Recursive function to iterative function as binoms

Question

I'm new with algorithms and wonder how this displayed function is supposed to be converted/transformed from recursive to iterative. What should I keep in mind when converting?

public int binom(int n, int k)
{
    if (k == 0 || n == k) { return 1; }

    return binom(n - 1, k - 1) + binom(n - 1, k);
}

Thanks in advance!

Answer 1

In fact, this problem is not so easy, if you just look at the recursive code and try to decrypt it. However, it might be a helpful hint for you, that (n over k), i.e. the binomial coefficient can be written as

n! / (k! * (n - k)!)

where "!" denotes the factorial. And it should be rather easy to compute the factorial in a Loop (i.e. iterative) for you.

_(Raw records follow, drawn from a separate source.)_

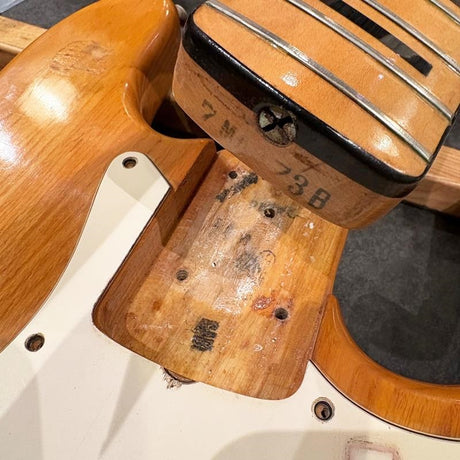 USED_​​Jazz_Bass_(NAT_M)_'73_08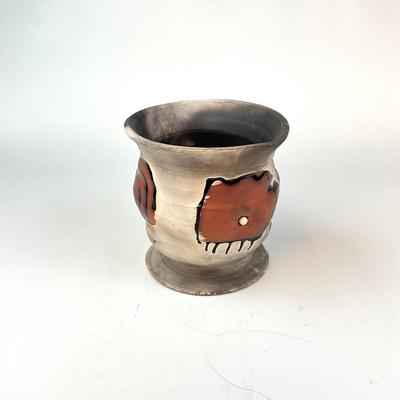 Sale Photo Thumbnail #1234: Measures: 6" high x 6" diameter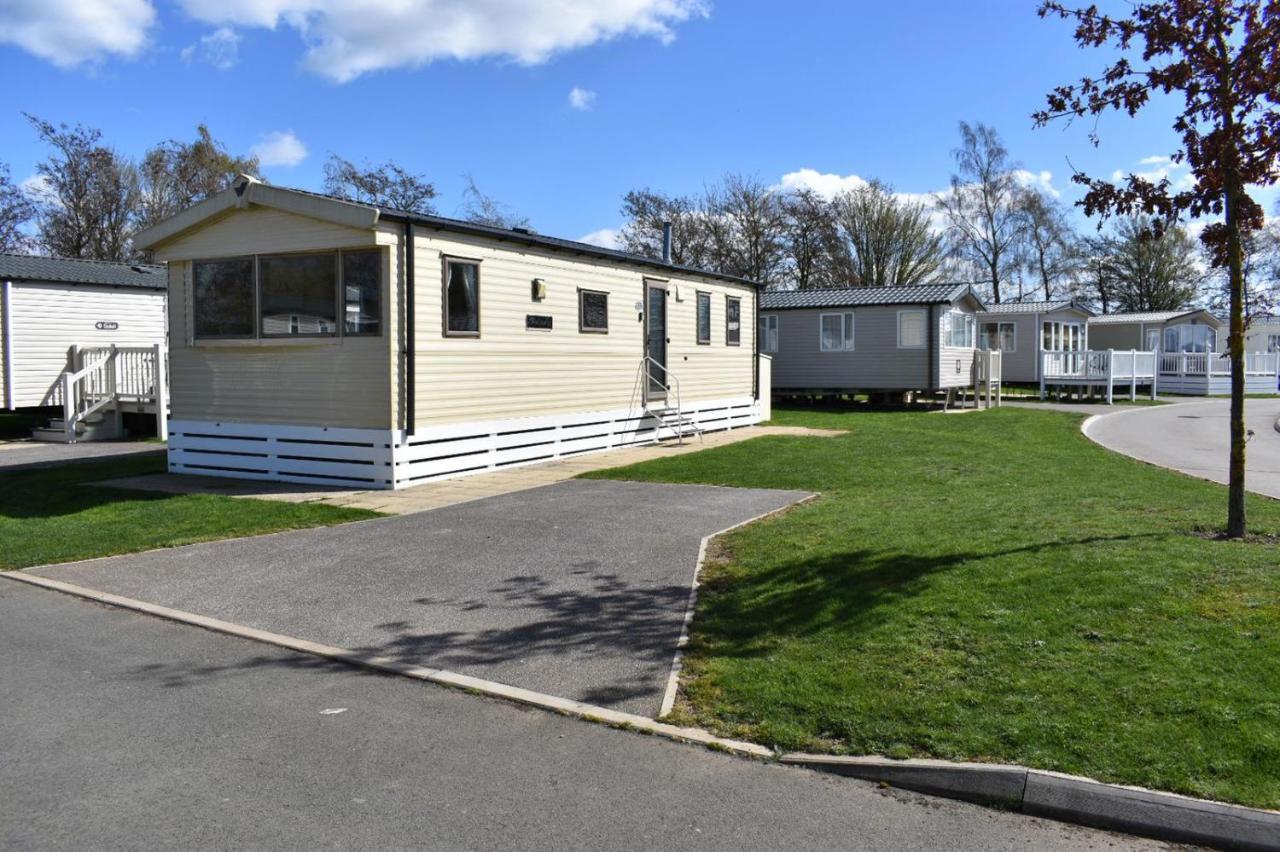 The Salsa Attractive Accomodation At Tattershall Lakes Exterior foto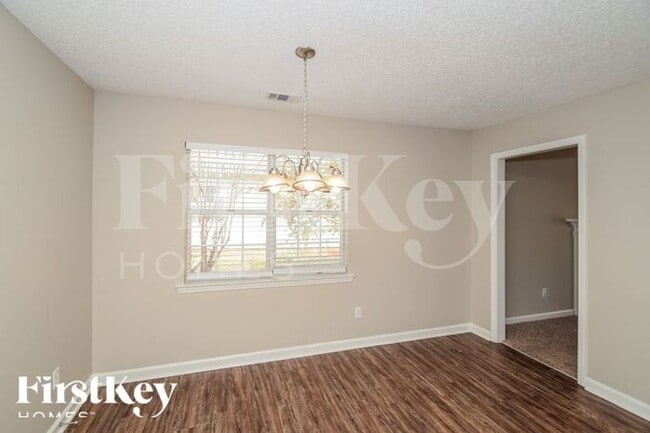 Building Photo - 125 Cedar Bend Dr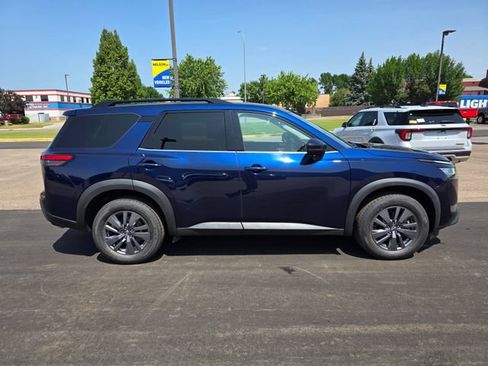 Used 2022 Nissan Pathfinder SV AWD/4WD image 7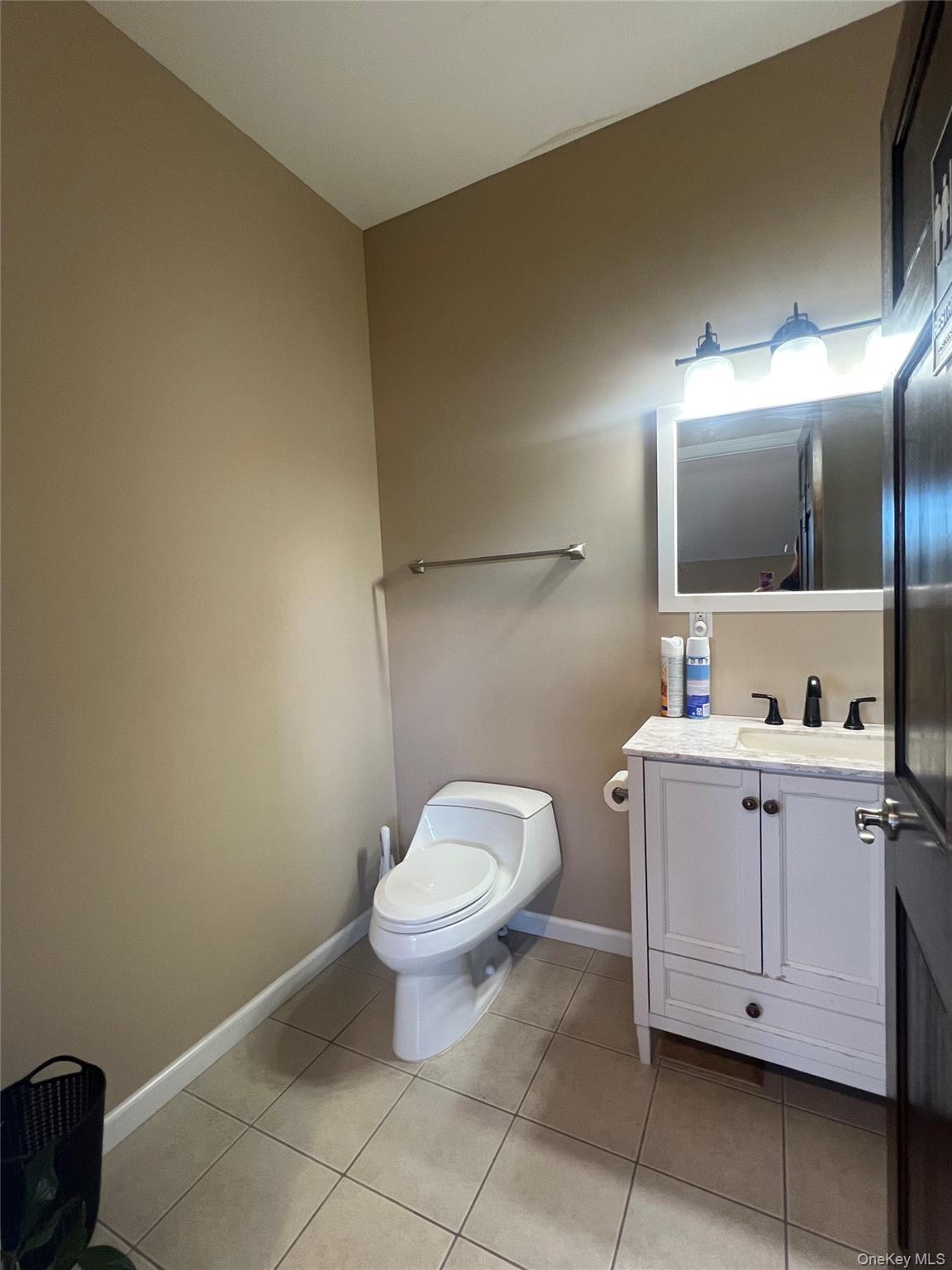 #4 photo, 5720 Sunrise Highway, ナッソー郡 Massapequa , NY 11758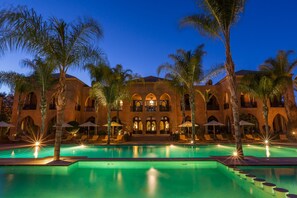 2 outdoor pools, pool umbrellas, pool loungers - Palais Aziza & Spa (Marrakech)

If intermediate results are too big you can shorten before computation. You can shorten either term k! or the term (n-k)! (you would choose the bigger one). For example with n = 5 and k = 3 you have: (1 * 2 * 3 * 4 * 5) / ((1 * 2 * 3) * (1 * 2)) = (4 * 5) / (1 * 2)

Spoiler-Alarm:

public static int binomial(int n, int k) {
    int nMinusK = n - k;
    if (n < nMinusK) {
        //Switch n and nMinusK
        int temp = n;
        n = nMinusK;
        nMinusK = temp;
    }

    int result = 1;

    //  n!/k!
    for (int i = k + 1; i <= n; i++) {
        result *= i;
    }

    //Division by (n-k)!
    for (int j = 1; j <= nMinusK; j++) {
        result = result / j;
    }
    return result;
}

Answer 2

You can use the multiplicative form of binomial coefficients, for example from Wikia, which can be easily implemented with faculties or loops.